Tom Morton (ErrantX)
This is really three questions in one. I will deal with them in-brief, but if you wanted to split them up (or ask me directly) I can expand.
  • The community should have a say in the high-level direction of the Foundation; and the best way is this one - through community elected members of the board. In addition the communities have quite a lot of autonomous control over their home-wiki's, which limits the power of the foundation to impose drastic changes without community agreement. This is a useful natural limitation.
  • The chapters are the community. And any part of that community can come here to meta and help contribute to the whole process of creating and approving chapters. I'd support looking at ways to get more people involved in this sort of "behind the scenes" stuff.

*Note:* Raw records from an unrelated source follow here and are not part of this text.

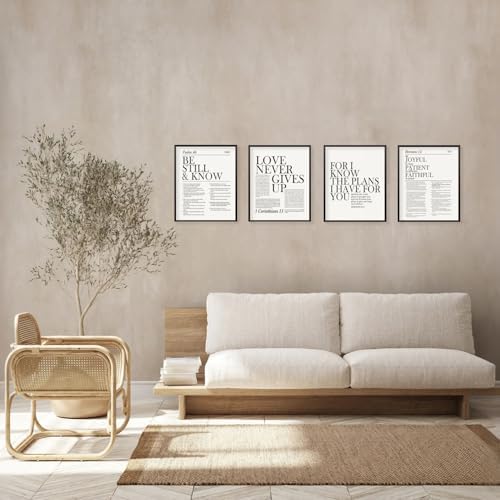 Locomiss Black and White Christian Wall Art Decor, Modern Bible Verse Prints - Image 4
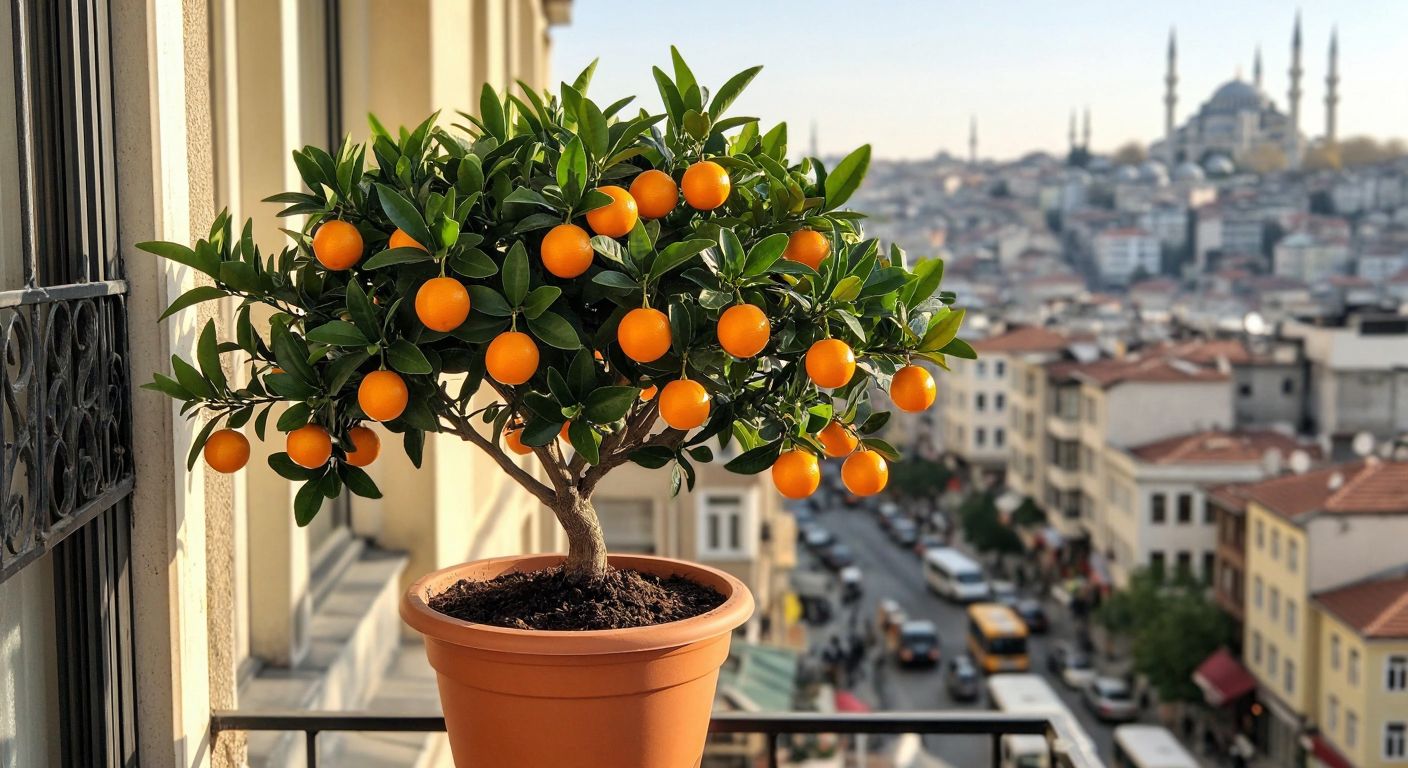 A vibrant orange kumquat tree in a terracotta pot, its glossy leaves and tiny fruits glowing under sunlight, placed on a Turkish balcony with a view of a bustling Istanbul street below.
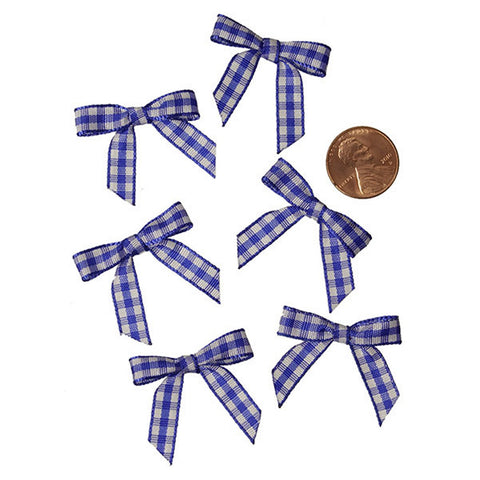 Royal Blue and White Pre-Tied Tiny Gingham Checkered Bows - 1 3/16in. x 1 1/4in. - 25 Pack - Sophie's Favors and Gifts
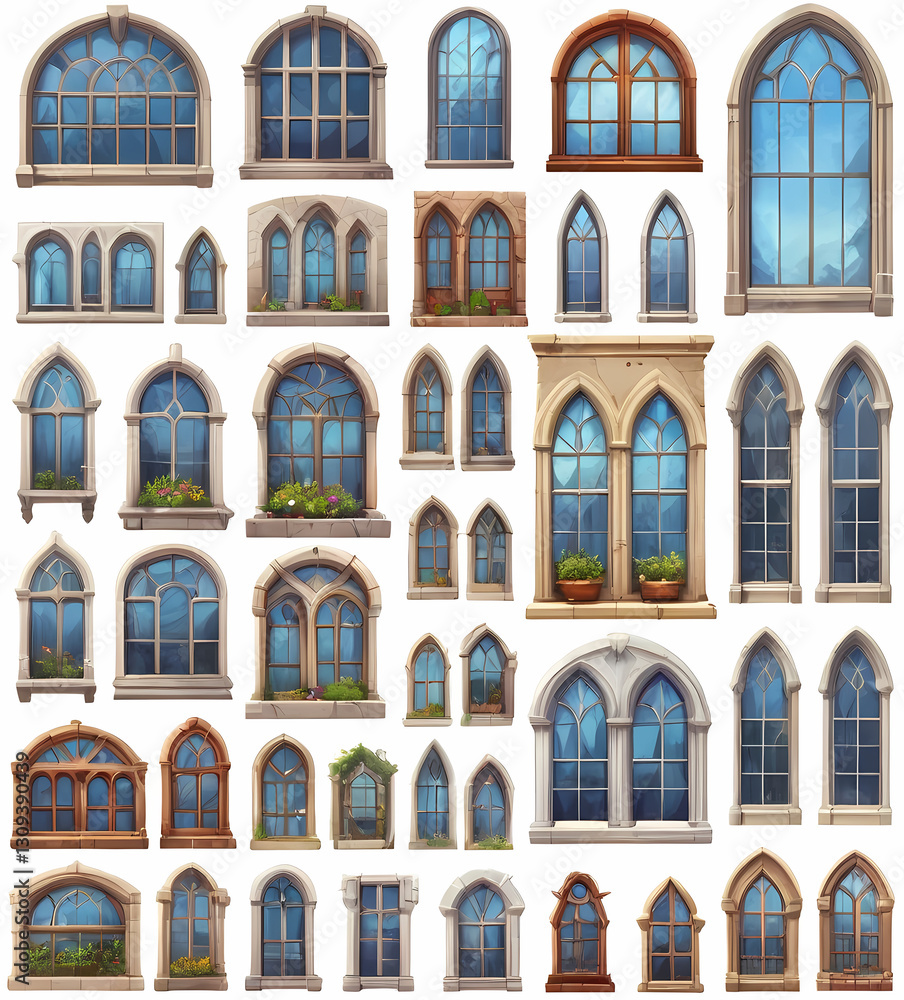 Poster a collection of various arched windows with diverse styles and designs, showcasing architectural ele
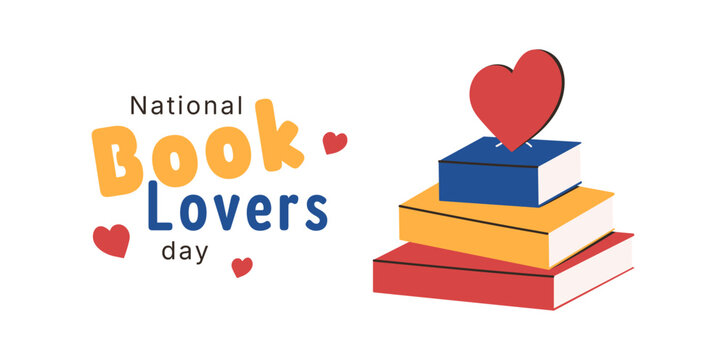 National Book Lovers Day banner template. Reading lover. Learning and education holiday. Vector flat illustration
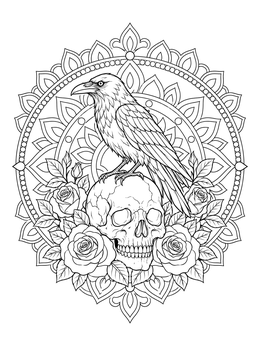 A raven perched on a skull among blossoms in this rose tattoo coloring page.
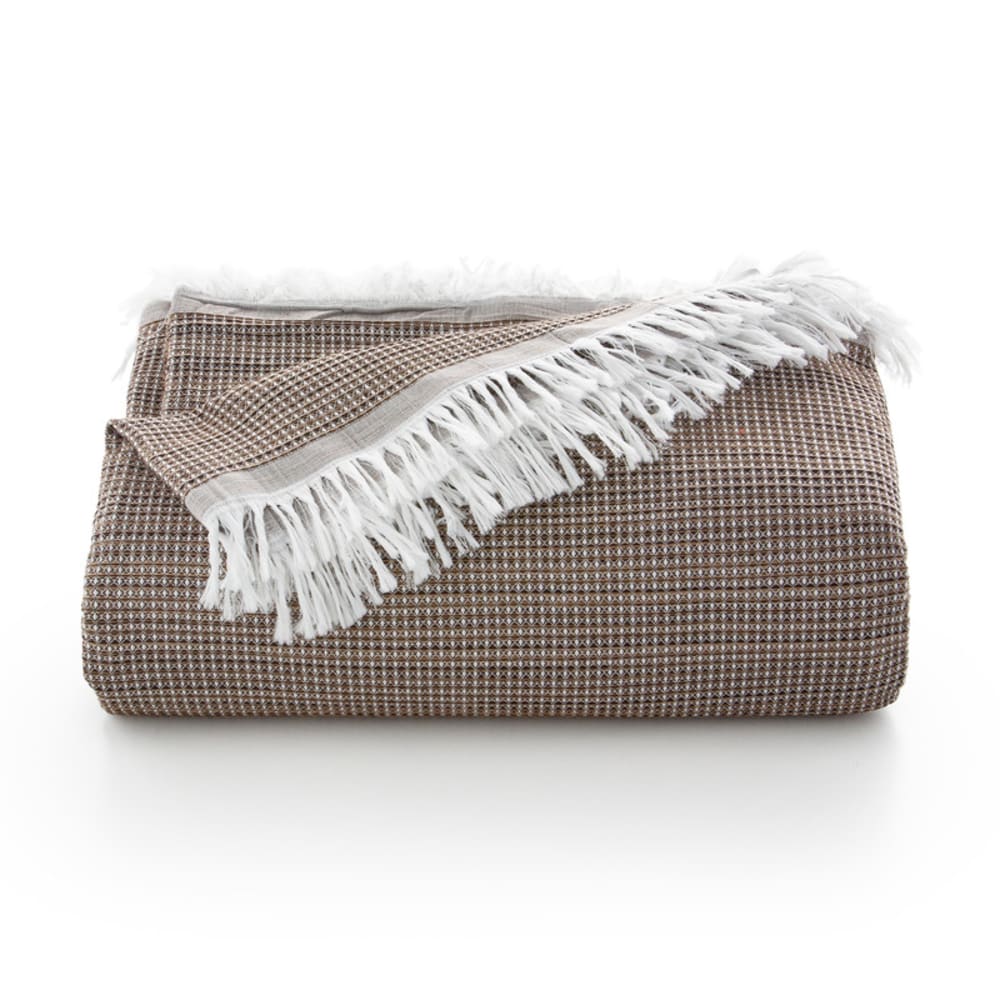 Plaid couvre-lit en coton nid d'abeille taupe 230x280 cm - Maisons du Monde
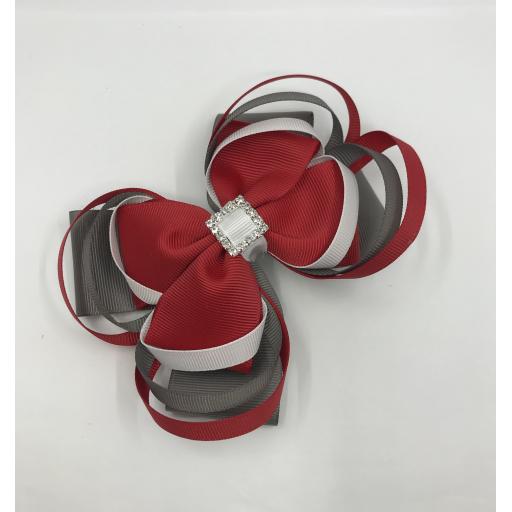 Large 5 inch Red, Grey and White Double Layer Bow with Triple Loops on Clip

  • Difficult to answer, and depends a lot on the circumstances. But it would probably be a matter for the wiki community, chapter and chapters committee to resolve, the boards' purpose isn't to get involved in resolving such conflict. Of course, I would expect the board to keep a close interest in such issues and consider ways of mitigating conflict within the foundation.
Esteban Zárate (Ezarate)
The communities have the emails list, the meta page. The members of the boards often are active on wikimedia projects and must interact between the comunity and the WMF. All the editors who contributes to the project are the community, another problem is that Meta and emails list are in English and not all the communities members write and read that language very well
Ferdinando Scala (Ferdinando Scala)
As much as I can understand, there are many organizations which bring the communities' voice to the Board, and are taken in due consideration. As stated in another question, however, I feel we should have to distinguish between the community opinions about any initiatives that have no possible legal consequences, and the ones that possibly have. In this respect, I feel that only the persons/organizations which bring the legal responsibility are entitled to take a decision. Regarding the way of acting in case of a contrast, I feel that everything should have to be composed as anything else in Wiki, by discussion and mutual consensus...
Gerard Meijssen (GerardM)
In my blogging, my championing of causes I learned that the notion of one "community of editors" is largely a fallacy. I will ask Wikia to support the Chinese and Serbian script converters. I will promote web fonts for the languages for India but also for Lingala or Romanian. I am involved in GLAM and while it does impact our projects, it is not high on the agenda of the "community of editors". What is important is having an understanding of how choices impact the health of our projects, our communities, impact our ability to reach out to our public. This is where in my opinion the board is active.
Joan Gomà (Gomà)
I think the main obstacle for solving this is the fact that editor communities are not very organized, and only a small percentage of their members make their voices heard. Another problem is that decisions are made in English, a language many people do not understand.

My proposals are:

  1. establishing a council made up of members chosen by the various language projects;
  2. creating a committee that supervises chapter activities;
  3. and having all the members of this committee and the ChapCom chosen by the communities in elections similar to those held to choose Board Members.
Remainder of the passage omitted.